Starting in Nsight Graphics 2023.1, the GPU Trace Profiler is the best way to profile your graphics application at the frame level. The Frame Profiler activity, and the Range Profiler tool window, have been removed.
Don’t worry! The key profiling information is still available, only in a different form. This post guides you through the steps in GPU Trace, for each familiar workflow in the Range Profiler.
In this post, I answer the following questions:
- As a new user of GPU Trace, what should my workflow look like?
- Where can I find each piece of data, previously shown in the Range Profiler?
Previously, to access the Range Profiler, you may have used either the Frame Profiler or Frame Debugger activity, as shown on the left of Figure 1.
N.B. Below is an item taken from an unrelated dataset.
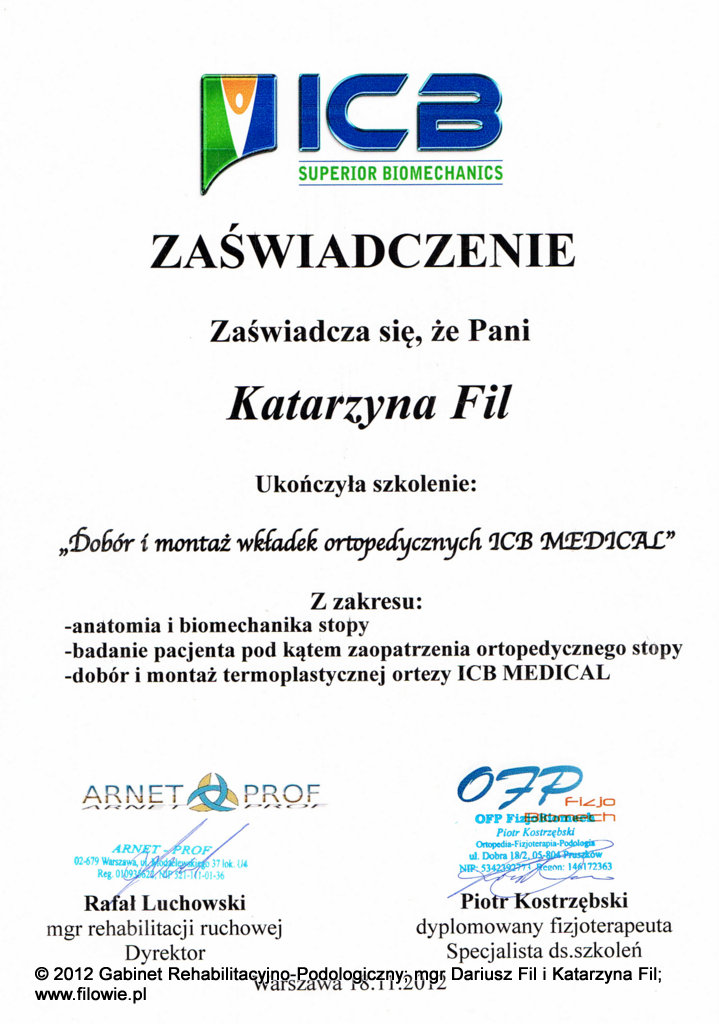 Katarzyna Fil - Wkładki termoplastyczne - certyfikat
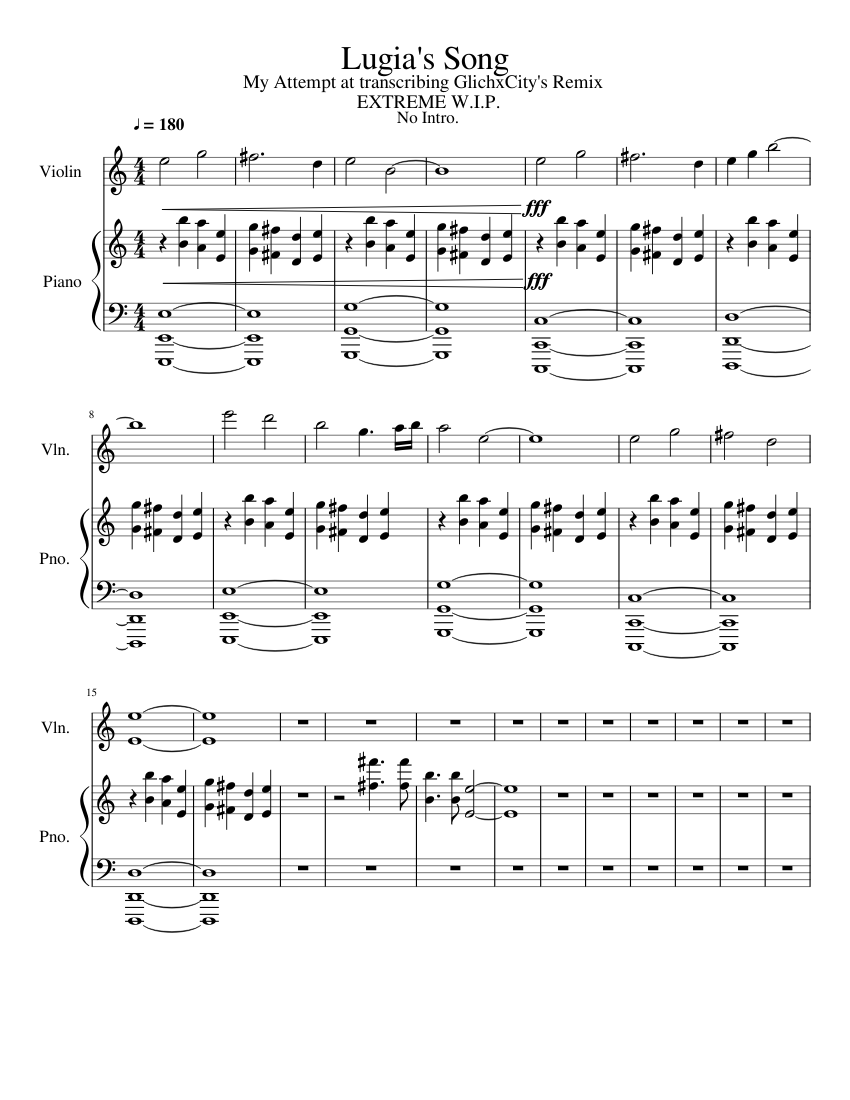 Lugia's Song - GlitchxCity's remix (Attempted Transcription WIP) Sheet music  for Piano, Violin (Solo) | Musescore.com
Now, when starting an application, select the GPU Trace Profiler option, as shown on the right of Figure 1. In the Metric Set dropdown list, you can select the metrics to appear in the timeline view. This list also includes the Advanced Mode option, which enables additional metrics to be displayed in tables and tooltips.
Here are the previous steps for viewing profiling data with the Range Profiler:
- Press F11 in the application, or choose Capture for Live Analysis in the UI.
- Wait for the application to enter a replay loop.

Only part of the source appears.